Ника положила руку ему на плечо знакомым жестом. И, что удивительно, Павел заметно успокоился от её прикосновения.
— Ребята, я рада, что вы все встретились, но мне кажется, нам пора ложиться. Светать скоро будет. А некоторым, между прочим, постельный режим никто не отменял.
— Тётя доктор, — вдруг ясным голосом сказал Павел, поворачиваясь к ней. — Я уже почти совсем здоровый, можно, я завтра гулять пойду?
Ника рассмеялась, подхватила его под руку и повела наверх. Дмитрий, который тоже не мог сдержать улыбки, поинтересовался, не помочь ли им, на что Павел отмахнулся свободной рукой:
— Я же сказал, что в порядке!
Балу долго смотрел им вслед, а потом спросил:
— Он будет видеть?
Дмитрий уверенно ответил:
— Аристов говорит, что непременно. Всё будет хорошо.
— Кстати, вы знаете, что Литного сняли? — спохватился Балу. — Буквально пару недель назад?
— Конечно нет!
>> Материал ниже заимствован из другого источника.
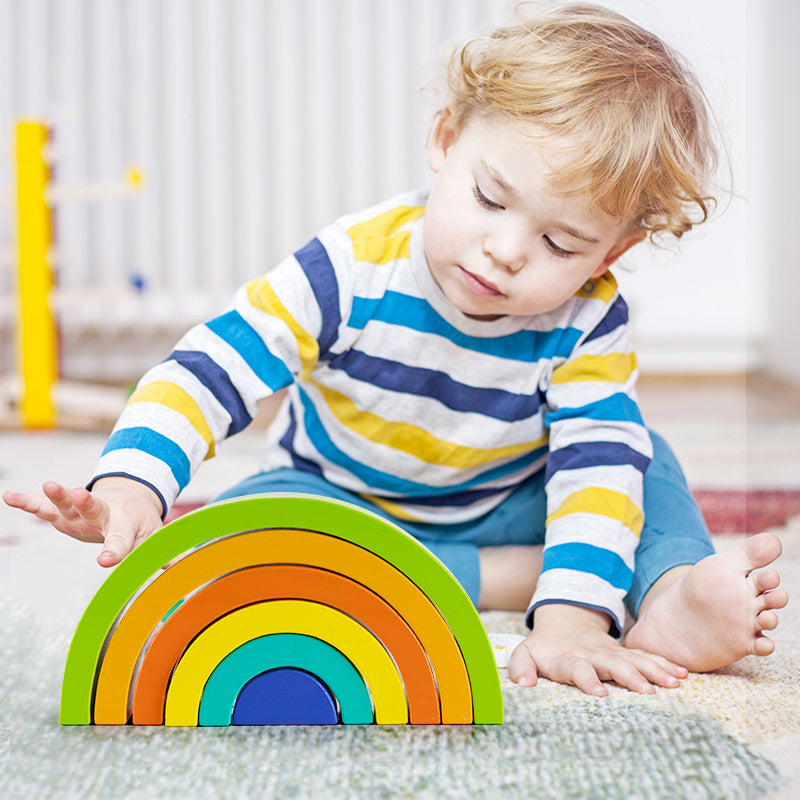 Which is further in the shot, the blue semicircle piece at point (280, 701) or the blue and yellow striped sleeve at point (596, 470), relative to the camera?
the blue and yellow striped sleeve at point (596, 470)

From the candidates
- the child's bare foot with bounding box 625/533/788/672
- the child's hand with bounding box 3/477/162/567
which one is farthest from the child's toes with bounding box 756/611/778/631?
the child's hand with bounding box 3/477/162/567

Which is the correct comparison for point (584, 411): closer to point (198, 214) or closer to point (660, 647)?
point (660, 647)

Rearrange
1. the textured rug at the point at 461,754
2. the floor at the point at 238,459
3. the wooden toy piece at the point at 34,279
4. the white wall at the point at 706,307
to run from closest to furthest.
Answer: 1. the textured rug at the point at 461,754
2. the floor at the point at 238,459
3. the wooden toy piece at the point at 34,279
4. the white wall at the point at 706,307

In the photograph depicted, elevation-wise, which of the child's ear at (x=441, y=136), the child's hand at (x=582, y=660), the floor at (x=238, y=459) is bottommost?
the floor at (x=238, y=459)

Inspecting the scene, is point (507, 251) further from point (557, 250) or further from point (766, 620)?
point (766, 620)

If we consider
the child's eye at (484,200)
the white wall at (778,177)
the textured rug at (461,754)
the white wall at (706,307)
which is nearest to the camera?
the textured rug at (461,754)

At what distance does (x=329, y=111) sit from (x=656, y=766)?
7.36ft

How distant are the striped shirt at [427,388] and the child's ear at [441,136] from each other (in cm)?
5

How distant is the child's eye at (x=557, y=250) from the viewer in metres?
0.64

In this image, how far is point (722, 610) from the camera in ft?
1.84

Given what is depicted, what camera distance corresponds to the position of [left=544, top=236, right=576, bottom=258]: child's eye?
643 mm

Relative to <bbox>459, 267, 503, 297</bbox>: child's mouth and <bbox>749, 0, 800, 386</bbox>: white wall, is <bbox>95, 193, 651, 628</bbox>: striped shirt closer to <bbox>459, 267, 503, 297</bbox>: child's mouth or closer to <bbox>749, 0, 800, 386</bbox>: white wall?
<bbox>459, 267, 503, 297</bbox>: child's mouth

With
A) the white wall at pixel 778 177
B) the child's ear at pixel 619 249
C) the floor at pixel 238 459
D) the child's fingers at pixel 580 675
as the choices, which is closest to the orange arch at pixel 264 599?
the child's fingers at pixel 580 675

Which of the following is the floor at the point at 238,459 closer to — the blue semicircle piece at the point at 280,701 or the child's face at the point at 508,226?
the blue semicircle piece at the point at 280,701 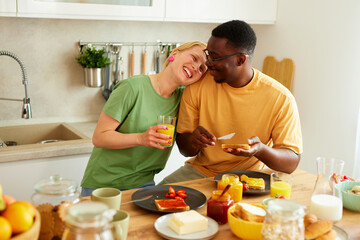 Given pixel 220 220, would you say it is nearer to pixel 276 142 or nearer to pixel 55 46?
pixel 276 142

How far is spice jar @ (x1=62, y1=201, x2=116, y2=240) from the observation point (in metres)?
0.90

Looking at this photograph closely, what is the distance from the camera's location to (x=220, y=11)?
309cm

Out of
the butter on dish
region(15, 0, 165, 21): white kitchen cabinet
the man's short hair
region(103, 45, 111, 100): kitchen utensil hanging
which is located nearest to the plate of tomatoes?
the butter on dish

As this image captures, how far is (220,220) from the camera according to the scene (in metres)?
1.47

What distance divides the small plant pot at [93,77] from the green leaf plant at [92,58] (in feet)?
0.10

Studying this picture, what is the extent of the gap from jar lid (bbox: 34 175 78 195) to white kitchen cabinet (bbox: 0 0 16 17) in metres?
1.56

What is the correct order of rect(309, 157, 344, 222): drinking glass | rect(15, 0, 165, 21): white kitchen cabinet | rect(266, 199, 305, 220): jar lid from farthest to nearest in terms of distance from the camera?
rect(15, 0, 165, 21): white kitchen cabinet → rect(309, 157, 344, 222): drinking glass → rect(266, 199, 305, 220): jar lid

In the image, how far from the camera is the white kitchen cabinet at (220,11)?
9.53ft

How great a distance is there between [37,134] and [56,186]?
78.1 inches

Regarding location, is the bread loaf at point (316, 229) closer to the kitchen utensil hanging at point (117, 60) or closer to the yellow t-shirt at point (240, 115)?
the yellow t-shirt at point (240, 115)

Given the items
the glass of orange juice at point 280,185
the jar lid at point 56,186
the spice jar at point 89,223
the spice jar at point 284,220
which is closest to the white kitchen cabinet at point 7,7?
the jar lid at point 56,186

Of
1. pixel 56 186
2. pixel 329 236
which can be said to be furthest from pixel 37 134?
pixel 329 236

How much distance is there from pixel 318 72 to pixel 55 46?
1836 millimetres

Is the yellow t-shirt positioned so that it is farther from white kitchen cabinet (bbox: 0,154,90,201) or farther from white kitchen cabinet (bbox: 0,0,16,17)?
white kitchen cabinet (bbox: 0,0,16,17) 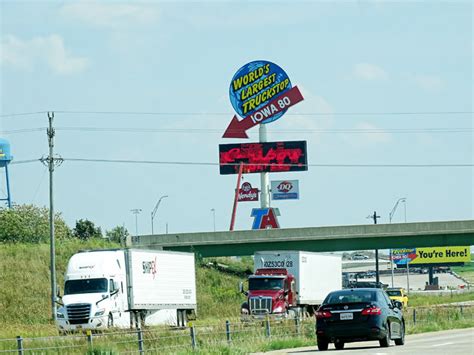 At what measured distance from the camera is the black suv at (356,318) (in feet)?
95.5

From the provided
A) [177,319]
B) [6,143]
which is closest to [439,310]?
[177,319]

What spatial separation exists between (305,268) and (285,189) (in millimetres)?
38768

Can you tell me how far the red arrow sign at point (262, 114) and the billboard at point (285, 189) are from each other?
5313 millimetres

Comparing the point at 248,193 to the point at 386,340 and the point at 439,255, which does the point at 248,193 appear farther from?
the point at 439,255

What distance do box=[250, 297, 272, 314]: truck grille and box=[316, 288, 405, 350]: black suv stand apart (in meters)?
23.5

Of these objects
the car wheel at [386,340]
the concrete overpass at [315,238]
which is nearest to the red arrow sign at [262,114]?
the concrete overpass at [315,238]

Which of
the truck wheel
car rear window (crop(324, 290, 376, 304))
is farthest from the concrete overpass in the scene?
car rear window (crop(324, 290, 376, 304))

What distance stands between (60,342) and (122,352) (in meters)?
4.15

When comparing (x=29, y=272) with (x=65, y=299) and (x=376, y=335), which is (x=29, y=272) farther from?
(x=376, y=335)

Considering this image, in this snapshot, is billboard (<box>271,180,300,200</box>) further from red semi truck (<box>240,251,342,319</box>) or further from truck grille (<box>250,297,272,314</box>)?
truck grille (<box>250,297,272,314</box>)

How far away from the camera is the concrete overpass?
83.6 metres

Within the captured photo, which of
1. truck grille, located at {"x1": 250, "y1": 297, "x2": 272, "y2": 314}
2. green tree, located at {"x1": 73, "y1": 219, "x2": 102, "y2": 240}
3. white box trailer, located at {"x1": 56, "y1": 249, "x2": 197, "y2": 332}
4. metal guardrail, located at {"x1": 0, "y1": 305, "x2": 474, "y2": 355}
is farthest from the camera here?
green tree, located at {"x1": 73, "y1": 219, "x2": 102, "y2": 240}

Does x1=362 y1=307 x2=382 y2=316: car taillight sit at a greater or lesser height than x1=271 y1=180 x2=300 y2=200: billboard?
lesser

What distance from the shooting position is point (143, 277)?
170 feet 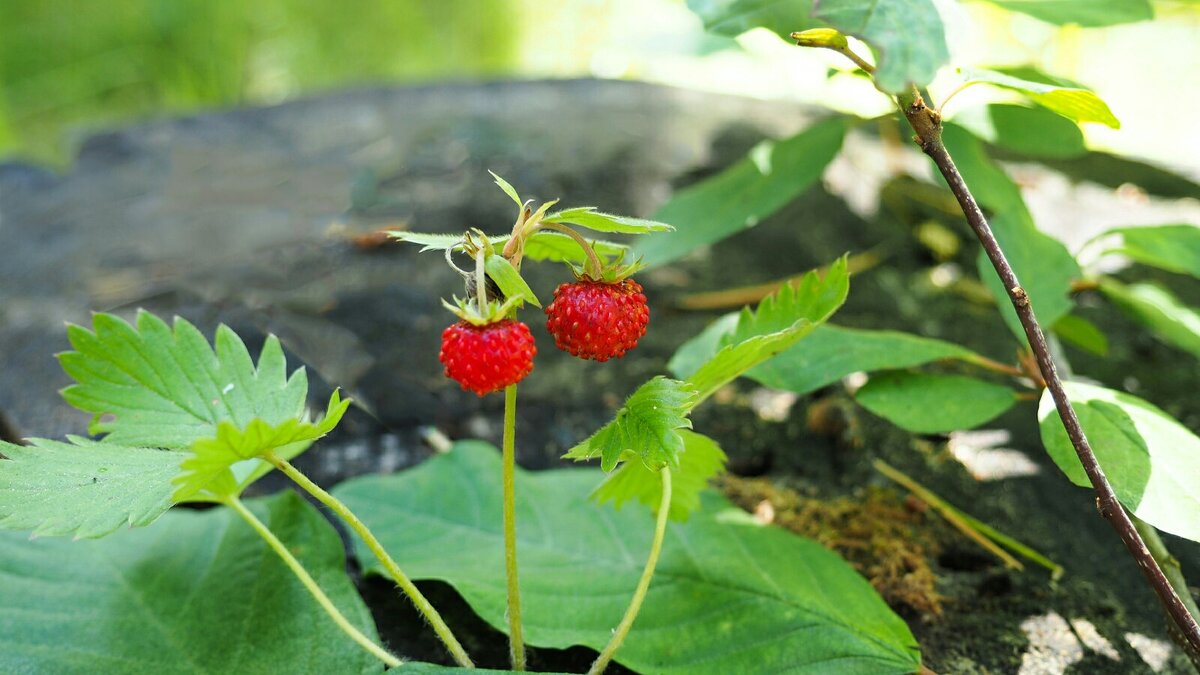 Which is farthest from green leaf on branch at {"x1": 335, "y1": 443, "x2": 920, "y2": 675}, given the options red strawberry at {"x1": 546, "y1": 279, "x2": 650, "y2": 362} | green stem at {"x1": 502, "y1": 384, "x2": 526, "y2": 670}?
red strawberry at {"x1": 546, "y1": 279, "x2": 650, "y2": 362}

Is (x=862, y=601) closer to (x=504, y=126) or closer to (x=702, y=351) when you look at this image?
(x=702, y=351)

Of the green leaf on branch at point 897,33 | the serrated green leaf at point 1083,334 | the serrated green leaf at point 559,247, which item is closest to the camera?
the green leaf on branch at point 897,33

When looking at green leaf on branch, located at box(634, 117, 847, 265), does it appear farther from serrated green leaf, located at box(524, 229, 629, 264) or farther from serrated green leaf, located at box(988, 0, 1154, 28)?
serrated green leaf, located at box(524, 229, 629, 264)

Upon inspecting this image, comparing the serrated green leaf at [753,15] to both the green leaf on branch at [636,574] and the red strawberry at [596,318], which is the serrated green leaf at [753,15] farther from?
the green leaf on branch at [636,574]

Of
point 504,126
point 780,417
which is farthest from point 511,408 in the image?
point 504,126

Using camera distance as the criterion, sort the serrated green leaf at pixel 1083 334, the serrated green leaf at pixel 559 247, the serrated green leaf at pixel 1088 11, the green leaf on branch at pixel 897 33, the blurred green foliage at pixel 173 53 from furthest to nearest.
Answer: the blurred green foliage at pixel 173 53 < the serrated green leaf at pixel 1083 334 < the serrated green leaf at pixel 1088 11 < the serrated green leaf at pixel 559 247 < the green leaf on branch at pixel 897 33

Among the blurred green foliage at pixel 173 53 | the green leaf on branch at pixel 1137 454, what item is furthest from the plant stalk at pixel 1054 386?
the blurred green foliage at pixel 173 53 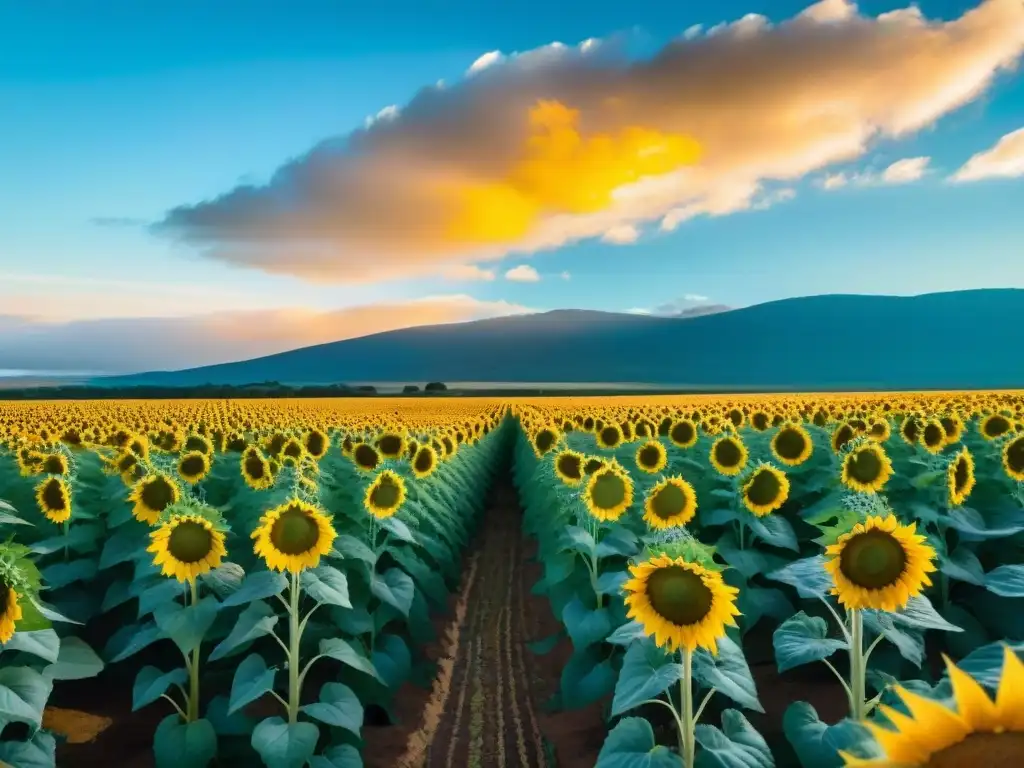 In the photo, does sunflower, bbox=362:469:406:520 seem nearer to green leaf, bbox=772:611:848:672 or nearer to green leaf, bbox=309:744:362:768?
green leaf, bbox=309:744:362:768

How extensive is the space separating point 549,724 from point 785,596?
9.04 feet

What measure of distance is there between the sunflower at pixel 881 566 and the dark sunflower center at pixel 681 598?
736 millimetres

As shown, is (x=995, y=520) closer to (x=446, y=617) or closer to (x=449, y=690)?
(x=449, y=690)

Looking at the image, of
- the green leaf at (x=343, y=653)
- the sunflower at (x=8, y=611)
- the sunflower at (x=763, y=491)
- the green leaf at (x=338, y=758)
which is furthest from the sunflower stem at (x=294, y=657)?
the sunflower at (x=763, y=491)

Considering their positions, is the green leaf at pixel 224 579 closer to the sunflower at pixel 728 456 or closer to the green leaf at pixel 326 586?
the green leaf at pixel 326 586

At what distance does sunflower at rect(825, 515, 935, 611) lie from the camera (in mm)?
3902

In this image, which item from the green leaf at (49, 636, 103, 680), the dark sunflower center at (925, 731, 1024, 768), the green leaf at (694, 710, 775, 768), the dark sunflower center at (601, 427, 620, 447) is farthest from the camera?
the dark sunflower center at (601, 427, 620, 447)

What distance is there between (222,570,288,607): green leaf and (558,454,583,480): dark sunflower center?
16.6ft

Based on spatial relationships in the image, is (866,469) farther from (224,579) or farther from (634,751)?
(224,579)

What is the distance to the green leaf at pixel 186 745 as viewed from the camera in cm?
524

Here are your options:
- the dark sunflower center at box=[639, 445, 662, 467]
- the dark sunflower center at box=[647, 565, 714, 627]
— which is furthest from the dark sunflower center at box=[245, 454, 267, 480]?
the dark sunflower center at box=[647, 565, 714, 627]

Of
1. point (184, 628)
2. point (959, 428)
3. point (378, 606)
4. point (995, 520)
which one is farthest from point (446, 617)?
point (959, 428)

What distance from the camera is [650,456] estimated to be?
10.4 m

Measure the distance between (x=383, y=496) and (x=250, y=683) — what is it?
2.60 meters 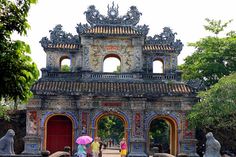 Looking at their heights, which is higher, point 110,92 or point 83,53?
point 83,53

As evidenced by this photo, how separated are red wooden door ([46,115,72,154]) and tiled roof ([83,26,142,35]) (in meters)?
6.65

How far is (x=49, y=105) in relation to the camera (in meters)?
30.0

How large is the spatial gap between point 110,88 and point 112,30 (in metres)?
4.75

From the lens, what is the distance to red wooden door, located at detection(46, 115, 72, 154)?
3064cm

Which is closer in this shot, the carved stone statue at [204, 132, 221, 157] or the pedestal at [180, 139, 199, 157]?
the carved stone statue at [204, 132, 221, 157]

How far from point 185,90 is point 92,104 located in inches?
258

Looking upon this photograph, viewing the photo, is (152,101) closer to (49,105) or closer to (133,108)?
(133,108)

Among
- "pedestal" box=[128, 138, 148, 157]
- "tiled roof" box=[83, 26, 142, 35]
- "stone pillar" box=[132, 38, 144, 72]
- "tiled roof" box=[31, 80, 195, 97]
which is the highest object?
"tiled roof" box=[83, 26, 142, 35]

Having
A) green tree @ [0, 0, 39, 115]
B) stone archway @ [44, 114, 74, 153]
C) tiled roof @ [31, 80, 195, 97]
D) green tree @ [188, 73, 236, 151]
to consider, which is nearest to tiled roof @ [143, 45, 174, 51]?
tiled roof @ [31, 80, 195, 97]

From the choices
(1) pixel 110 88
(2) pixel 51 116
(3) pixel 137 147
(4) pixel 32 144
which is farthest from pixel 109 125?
(4) pixel 32 144

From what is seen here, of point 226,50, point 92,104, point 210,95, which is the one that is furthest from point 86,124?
point 226,50

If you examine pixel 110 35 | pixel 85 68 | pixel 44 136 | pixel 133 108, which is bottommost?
pixel 44 136

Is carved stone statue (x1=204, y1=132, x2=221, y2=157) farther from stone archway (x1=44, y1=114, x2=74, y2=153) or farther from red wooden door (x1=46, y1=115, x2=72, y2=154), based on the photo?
red wooden door (x1=46, y1=115, x2=72, y2=154)

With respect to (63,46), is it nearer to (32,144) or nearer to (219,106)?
(32,144) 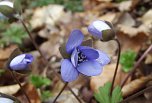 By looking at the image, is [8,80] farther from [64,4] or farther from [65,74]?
[64,4]

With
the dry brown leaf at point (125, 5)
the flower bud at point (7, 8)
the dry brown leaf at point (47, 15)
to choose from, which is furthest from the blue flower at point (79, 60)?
the dry brown leaf at point (47, 15)

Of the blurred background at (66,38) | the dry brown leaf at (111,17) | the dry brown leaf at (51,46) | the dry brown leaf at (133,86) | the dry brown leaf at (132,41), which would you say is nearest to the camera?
the dry brown leaf at (133,86)

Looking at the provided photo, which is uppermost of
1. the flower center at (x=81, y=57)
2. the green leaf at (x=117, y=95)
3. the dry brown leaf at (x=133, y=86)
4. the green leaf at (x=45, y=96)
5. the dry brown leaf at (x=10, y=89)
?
the flower center at (x=81, y=57)

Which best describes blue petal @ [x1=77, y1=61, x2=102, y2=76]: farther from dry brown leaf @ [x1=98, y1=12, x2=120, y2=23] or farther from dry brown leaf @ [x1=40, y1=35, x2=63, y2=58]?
dry brown leaf @ [x1=98, y1=12, x2=120, y2=23]

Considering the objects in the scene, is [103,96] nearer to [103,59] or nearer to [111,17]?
[103,59]

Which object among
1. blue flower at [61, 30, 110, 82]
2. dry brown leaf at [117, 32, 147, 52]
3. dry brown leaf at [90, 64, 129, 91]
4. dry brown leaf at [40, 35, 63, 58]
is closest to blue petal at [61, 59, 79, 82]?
blue flower at [61, 30, 110, 82]

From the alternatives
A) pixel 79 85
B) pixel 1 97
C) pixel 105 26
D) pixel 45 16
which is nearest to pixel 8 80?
pixel 79 85

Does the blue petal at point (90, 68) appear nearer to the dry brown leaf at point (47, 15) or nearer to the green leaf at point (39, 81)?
the green leaf at point (39, 81) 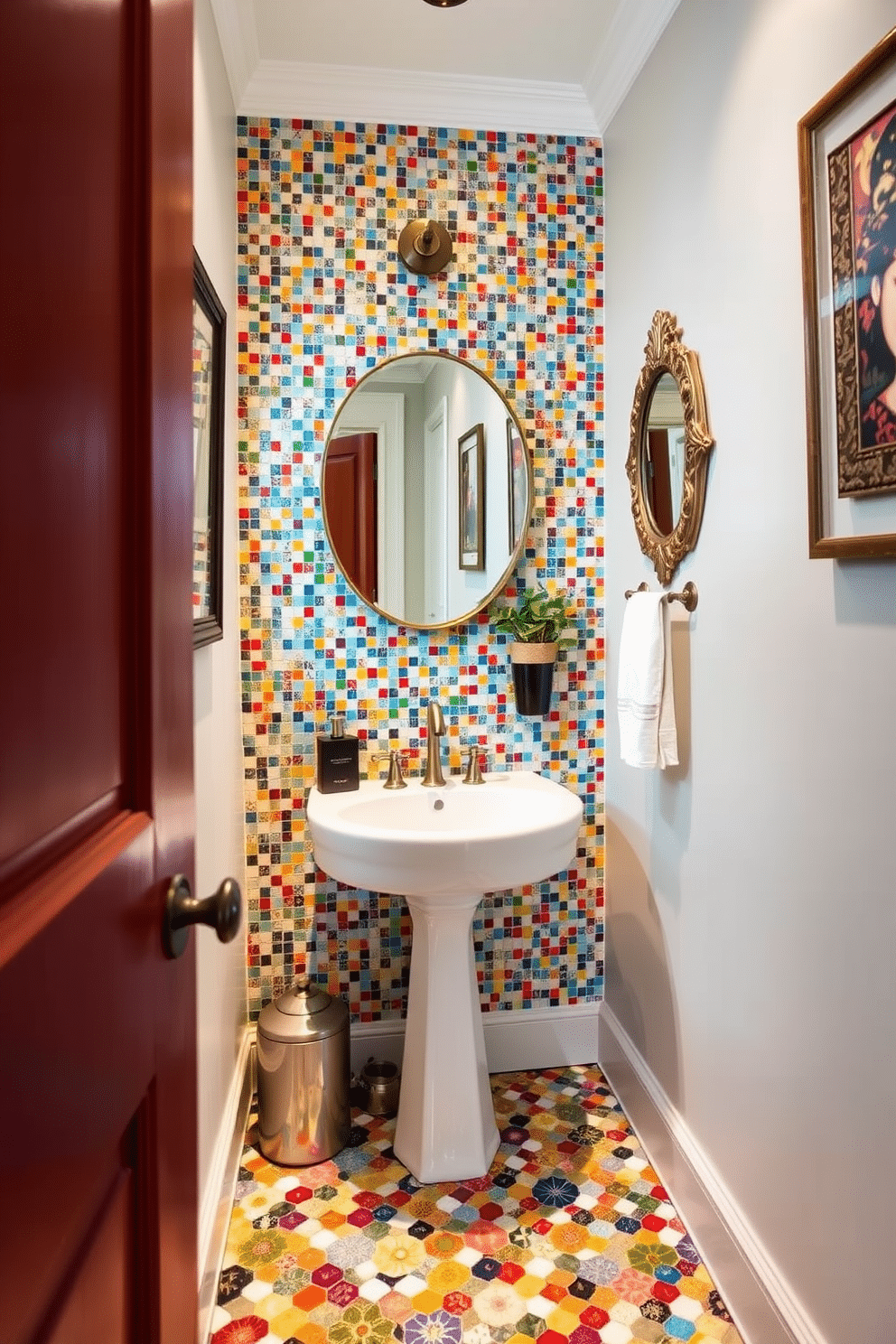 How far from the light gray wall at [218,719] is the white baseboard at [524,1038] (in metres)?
0.35

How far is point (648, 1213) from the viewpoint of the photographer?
176 cm

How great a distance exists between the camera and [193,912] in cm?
68

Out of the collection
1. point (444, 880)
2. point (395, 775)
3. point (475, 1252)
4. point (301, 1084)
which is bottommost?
point (475, 1252)

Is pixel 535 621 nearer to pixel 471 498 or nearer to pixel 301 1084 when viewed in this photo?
pixel 471 498

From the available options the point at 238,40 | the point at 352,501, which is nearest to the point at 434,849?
the point at 352,501

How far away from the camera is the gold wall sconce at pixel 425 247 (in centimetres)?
212

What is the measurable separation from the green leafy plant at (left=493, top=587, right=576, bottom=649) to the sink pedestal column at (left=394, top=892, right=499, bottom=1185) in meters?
0.69

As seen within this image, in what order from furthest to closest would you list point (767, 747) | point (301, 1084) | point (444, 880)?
point (301, 1084)
point (444, 880)
point (767, 747)

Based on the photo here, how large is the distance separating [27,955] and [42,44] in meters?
0.46

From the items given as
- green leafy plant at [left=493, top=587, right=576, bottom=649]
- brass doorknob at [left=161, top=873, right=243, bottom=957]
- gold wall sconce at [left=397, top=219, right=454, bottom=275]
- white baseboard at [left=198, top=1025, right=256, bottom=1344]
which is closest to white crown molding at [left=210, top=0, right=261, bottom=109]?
gold wall sconce at [left=397, top=219, right=454, bottom=275]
Откуда? Нам тогда не до новостей из штаба было, — удивлённо качнул головой Дмитрий. — И что теперь?
— Да не знаю. Судя по всему, Фойзе наконец идёт на повышение, не откажется уже. На кого «Киплинг» останется, никто не знает пока.
Дмитрий вздохнул. Он только сейчас ощутил, насколько далека от него вся эта военная жизнь. Он должен был бы испытать ностальгию при воспоминаниях, но ничего похожего в нём не зародилось.
— Как же они теперь? — вырвалось у него. Нет, он сейчас думал вовсе не о Фойзе и «Киплинге».
Балу понял.
— Не знаю. Думаю, мы с Киром завтра же улетим. Надо, во-первых, его увезти отсюда, вряд ли они вскоре помирятся, не дети в песочнице и не игрушку делили. А во-вторых, надо Старика обрадовать, он же сам не свой после вашего последнего разговора.
Дмитрий кивнул. На Каджеро грядут большие перемены, надо собраться и выиграть этот последний бой.
Завтра ребята улетят. Павел никогда не думал, что будет ждать расставания с Тони и Киром с таким нетерпением, но они мешали сейчас. Мешали и тем, что они были из прошлой жизни, всё такие же здоровые, полные сил, а он не мог шагу ступить, не держась за стенку или чью-нибудь руку. Мешали и тем, что сделал Ти-Рекс. Павел не мог по-прежнему говорить с ним, не мог подать руки, не хотел слышать его голос, всё время мерещился отчаянный крик Ники, поддающийся под руками пластик двери, хрипящее тело под руками и дикое желание раздавить, уничтожить, стереть в пыль того, кто посмел причинить ей боль.
Это желание тоже мешало. Оно не ушло, просто забилось куда-то глубоко внутрь и всплывало, когда Павел слышал голос Кира. Он понимал, что желание оправданное, но не хотел его испытывать. Поэтому и ждал, когда Кир улетит. Чтобы справиться с самим собой.